Dans un premier temps j’ai tout fait pour éviter de dessiner Dieudonné, prétextant que je ne voulais pas lui faire de pub, alors que la vérité était autre. Il m’écœurait. Mais son nom faisant la “Une” des journaux pendant deux semaines, j’ai compris que je n’avais pas le choix. J’ai aussi compris que le dessiner ou non ne changerait rien à la situation. Maintenant que le dessin est fait, est venu pour moi le moment d’écrire.
Afin d’expliquer clairement ma position, j’ai choisi de définir un certain nombre de termes :
1. Quenelle :
Pour ceux qui s’obstinent à y voir un innocent geste anti-système, j’ai des mauvaises nouvelles. C’est un bras d’honneur enfoncé jusqu’à l’épaule dans le fion des juifs et des sionistes. Ceux qui chaque jour mettent en ligne des photos de quenelles joyeuses à Birkenau, au Mur des Lamentations ou au Mémorial de la Shoah l’ont très bien compris.
2. Anti-système :
Ne pas payer ses impôts à l’état, ne pas payer ses amendes aux tribunaux, organiser son insolvabilité fiscale n’est pas anti-système. C’est juste illégal. Le petit commerce banal de la haine est devenu le système même.
3. Spectacle d’humour :
Quand sur scène on incite au racisme et à l’antisémitisme, quand on regrette la fermeture prématurée des chambres à gaz tout en les niant, quand on porte atteinte à la dignité humaine, on s’exclut automatiquement de la catégorie “spectacle d’humour” et on s’inscrit dans la triste catégorie “meeting politique de propagande raciste”.
4. Censure :
Interdire un spectacle, c’est censurer. Interdire un meeting politique illégal, et payant de surcroît, donné par un multi-récidiviste notoire, c’est appliquer la loi.

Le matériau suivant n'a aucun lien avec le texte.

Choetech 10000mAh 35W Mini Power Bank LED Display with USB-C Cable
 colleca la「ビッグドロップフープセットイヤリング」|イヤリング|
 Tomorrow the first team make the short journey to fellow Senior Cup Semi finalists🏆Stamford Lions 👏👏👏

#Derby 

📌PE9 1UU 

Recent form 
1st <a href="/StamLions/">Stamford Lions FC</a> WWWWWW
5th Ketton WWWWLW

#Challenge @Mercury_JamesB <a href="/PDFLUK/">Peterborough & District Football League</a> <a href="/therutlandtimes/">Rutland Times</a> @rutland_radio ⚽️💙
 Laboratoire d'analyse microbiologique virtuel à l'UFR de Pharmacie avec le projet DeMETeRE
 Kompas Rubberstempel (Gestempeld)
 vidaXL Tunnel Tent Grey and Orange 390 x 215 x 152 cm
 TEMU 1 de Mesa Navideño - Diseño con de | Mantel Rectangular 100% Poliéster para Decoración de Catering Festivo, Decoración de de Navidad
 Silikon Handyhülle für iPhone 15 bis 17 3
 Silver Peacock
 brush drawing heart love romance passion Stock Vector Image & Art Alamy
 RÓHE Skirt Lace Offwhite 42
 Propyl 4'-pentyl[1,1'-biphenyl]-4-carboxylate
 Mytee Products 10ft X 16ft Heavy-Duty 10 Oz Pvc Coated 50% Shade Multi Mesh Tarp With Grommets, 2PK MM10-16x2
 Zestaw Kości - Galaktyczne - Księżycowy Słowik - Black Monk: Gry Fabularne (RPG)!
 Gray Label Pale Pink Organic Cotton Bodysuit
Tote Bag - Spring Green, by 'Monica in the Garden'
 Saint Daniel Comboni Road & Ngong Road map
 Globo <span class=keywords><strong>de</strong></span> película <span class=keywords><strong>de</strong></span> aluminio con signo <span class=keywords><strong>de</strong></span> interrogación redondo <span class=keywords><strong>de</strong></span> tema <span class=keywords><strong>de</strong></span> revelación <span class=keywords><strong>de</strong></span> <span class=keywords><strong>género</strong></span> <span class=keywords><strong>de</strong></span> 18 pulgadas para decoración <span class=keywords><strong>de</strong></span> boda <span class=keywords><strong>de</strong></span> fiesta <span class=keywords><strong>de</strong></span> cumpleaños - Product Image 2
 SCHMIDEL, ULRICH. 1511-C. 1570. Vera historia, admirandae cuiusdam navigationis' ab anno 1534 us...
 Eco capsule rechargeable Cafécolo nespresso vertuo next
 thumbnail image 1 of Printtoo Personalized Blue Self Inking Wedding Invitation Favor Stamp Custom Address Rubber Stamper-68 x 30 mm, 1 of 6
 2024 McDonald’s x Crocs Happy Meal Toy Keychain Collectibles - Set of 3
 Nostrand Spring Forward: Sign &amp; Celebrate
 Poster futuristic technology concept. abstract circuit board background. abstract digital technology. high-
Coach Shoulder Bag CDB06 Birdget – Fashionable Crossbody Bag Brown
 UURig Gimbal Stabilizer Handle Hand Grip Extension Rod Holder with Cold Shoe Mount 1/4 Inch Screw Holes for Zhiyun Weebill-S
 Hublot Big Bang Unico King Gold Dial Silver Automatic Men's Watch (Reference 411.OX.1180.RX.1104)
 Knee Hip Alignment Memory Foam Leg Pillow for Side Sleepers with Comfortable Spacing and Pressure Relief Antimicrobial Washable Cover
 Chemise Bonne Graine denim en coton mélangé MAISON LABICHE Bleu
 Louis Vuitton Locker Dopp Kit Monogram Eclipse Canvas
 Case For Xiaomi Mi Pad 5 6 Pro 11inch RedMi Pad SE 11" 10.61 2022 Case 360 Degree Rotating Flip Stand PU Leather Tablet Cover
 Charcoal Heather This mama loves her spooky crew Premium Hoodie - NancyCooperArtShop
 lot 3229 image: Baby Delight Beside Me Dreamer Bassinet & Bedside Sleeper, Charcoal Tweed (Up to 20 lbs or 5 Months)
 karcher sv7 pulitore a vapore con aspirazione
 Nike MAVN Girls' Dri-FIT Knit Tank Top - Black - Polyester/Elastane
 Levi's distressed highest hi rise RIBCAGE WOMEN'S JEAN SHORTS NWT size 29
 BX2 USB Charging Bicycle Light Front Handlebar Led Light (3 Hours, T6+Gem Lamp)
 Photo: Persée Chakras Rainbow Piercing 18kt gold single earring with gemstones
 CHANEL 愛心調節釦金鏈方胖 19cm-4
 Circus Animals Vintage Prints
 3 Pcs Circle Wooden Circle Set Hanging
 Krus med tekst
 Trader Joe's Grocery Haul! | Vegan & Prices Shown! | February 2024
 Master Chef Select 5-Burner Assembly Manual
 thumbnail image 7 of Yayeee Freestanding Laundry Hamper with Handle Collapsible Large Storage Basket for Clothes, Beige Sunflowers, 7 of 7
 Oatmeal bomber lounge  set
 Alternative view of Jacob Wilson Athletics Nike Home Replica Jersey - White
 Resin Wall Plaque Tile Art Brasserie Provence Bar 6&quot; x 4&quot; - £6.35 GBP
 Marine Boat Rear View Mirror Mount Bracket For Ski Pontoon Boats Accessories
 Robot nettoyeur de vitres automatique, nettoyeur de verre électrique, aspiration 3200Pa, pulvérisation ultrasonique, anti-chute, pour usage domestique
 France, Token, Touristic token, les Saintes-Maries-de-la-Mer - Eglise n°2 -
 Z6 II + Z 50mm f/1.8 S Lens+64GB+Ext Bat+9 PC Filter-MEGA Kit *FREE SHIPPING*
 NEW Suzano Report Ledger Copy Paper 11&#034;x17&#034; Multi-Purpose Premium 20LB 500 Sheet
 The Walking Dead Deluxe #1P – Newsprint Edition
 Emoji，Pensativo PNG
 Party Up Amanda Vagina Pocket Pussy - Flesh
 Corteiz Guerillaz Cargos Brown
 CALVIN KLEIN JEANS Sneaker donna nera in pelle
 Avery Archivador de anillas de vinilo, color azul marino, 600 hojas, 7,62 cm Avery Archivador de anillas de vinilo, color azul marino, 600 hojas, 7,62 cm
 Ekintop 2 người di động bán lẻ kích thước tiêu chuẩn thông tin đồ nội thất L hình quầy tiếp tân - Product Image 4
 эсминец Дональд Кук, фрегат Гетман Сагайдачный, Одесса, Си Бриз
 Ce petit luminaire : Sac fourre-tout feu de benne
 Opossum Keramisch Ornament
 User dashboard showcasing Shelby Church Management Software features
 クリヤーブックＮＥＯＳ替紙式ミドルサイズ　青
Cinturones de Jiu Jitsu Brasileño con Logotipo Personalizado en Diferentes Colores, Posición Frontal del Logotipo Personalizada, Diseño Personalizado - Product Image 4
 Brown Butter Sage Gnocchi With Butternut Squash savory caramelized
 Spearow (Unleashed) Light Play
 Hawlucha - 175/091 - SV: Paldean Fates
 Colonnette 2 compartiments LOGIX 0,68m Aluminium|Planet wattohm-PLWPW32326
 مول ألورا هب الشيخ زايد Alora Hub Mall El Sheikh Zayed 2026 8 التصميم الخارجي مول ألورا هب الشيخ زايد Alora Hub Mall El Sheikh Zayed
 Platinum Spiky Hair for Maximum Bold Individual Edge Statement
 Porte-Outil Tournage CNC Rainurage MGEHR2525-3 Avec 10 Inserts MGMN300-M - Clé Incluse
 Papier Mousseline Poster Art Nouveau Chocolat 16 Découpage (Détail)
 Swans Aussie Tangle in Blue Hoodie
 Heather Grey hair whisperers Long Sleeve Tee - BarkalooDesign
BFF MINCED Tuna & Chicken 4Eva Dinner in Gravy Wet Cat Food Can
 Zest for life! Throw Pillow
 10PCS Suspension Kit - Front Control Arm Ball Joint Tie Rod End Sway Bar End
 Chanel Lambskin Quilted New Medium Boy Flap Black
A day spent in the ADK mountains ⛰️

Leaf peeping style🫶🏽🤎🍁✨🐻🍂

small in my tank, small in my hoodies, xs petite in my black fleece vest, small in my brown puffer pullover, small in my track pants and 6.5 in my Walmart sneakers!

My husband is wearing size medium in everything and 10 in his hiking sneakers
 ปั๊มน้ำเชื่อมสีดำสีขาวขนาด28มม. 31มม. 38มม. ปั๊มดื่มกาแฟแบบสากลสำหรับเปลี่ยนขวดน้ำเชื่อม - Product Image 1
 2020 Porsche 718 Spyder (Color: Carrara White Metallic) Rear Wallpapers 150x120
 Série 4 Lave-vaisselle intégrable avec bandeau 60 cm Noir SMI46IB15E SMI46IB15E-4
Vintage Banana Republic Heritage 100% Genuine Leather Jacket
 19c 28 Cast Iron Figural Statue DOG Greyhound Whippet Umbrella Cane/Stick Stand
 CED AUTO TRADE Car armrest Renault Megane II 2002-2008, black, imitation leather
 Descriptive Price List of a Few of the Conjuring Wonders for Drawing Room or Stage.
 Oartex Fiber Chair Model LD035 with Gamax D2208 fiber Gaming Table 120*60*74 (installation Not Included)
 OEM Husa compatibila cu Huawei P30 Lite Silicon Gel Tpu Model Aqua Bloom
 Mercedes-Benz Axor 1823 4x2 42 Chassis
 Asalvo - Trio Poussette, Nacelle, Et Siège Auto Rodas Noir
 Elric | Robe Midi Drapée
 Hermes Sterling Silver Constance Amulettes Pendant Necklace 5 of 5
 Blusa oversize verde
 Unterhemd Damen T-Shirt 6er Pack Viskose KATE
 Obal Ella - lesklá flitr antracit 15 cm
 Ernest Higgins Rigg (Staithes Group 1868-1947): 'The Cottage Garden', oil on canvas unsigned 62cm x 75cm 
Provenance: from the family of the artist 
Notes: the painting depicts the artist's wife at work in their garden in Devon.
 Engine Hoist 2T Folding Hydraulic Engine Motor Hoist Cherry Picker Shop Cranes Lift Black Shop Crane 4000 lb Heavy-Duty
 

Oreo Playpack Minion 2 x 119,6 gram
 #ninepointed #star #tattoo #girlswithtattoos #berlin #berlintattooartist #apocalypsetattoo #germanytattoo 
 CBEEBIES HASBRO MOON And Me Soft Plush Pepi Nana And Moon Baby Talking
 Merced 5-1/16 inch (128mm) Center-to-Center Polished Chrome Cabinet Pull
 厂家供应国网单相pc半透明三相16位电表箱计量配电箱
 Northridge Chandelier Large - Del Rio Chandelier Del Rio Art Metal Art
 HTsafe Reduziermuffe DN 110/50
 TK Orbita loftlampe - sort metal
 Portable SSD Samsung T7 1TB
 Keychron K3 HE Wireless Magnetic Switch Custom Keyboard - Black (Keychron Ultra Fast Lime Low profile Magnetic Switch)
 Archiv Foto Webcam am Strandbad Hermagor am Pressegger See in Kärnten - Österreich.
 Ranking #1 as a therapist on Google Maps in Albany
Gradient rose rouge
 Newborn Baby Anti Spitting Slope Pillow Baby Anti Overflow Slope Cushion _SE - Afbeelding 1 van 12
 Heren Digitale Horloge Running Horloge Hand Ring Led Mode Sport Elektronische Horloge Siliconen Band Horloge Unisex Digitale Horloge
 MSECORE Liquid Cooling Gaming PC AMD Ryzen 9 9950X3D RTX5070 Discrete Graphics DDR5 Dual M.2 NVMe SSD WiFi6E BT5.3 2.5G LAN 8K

5. Antisionisme/antisémitisme :
L’antisionisme, aussi radical soit-il, est une position politique légitime.
L’antisémitisme est une forme particulièrement perverse de racisme punie par la loi dans de nombreux pays, dont la France. L’antisionisme d’extrême droite et d’extrême gauche d’aujourd’hui est le miroir aux alouettes dans lequel se complait le visage du nouvel antisémitisme.
6. Négationnisme :
Le négationnisme est l’enfant bâtard issu de l’antisémitisme et du national-socialisme.
7. Liberté d’expression :
La liberté d’expression n’est pas et ne peut pas être absolue. Je me bats pour cette liberté fondamentale à travers mes dessins éditoriaux. Pour ma liberté autant que pour celle des autres. La Convention européenne des Droits de l’Homme garantit la liberté d’expression mais interdit d’abuser de ce droit.
8. Interdire :
Je ne pense pas qu’interdire Dieudonné soit “lourd de conséquences pour la liberté d’expression”. Au contraire je pense que ne rien faire aurait été lourd de conséquences pour la parole libre au profit de “la Libre Parole” (c’est, on s’en souvient, le journal d’Édouard Drumont [l’un des fondateurs de l’antisémitisme politique NDLR]). C’eût été ouvrir à tous, sans signalisation et sans péage, l’autoroute de l’antisémitisme.
9. Cartooning for Peace :
Dans le débat tendu qui s’est tenu entre Finkielkraut et Plantu sur iTélé, mon ami Plantu a évoqué notre association Cartooning for Peace qu’il a fondée avec Kofi Annan, comme exemple d’espace de dialogue dans la diversité et le respect. Il a montré des dessins qui égratignent toutes les religions, réalisés par des dessinateurs de confessions et de cultures différentes. Il est monté au créneau, comme nous le faisons souvent, pour défendre à tout prix la liberté d’expression. Il n’a pas compris, comme essayait de le lui expliquer son interlocuteur, que ce n’est pas la religion juive que Dieudonné attaque, ce sont les juifs, tous les juifs, le peuple juif. Et ce avec une haine antisémite nauséabonde, dangereuse et mercantile de surcroît. Il aurait dû avant tout condamner ces propos et celui qui les profère.
10. Plantu :
Plantu est un homme que j’admire pour son talent et son courage, un homme de cœur, généreux et sensible. Notre amitié m’est chère et ne sera pas entachée par cette faute grave qui me peine. Le dialogue est la base de notre relation même s’il faut parfois entendre des choses qui révoltent ou attristent.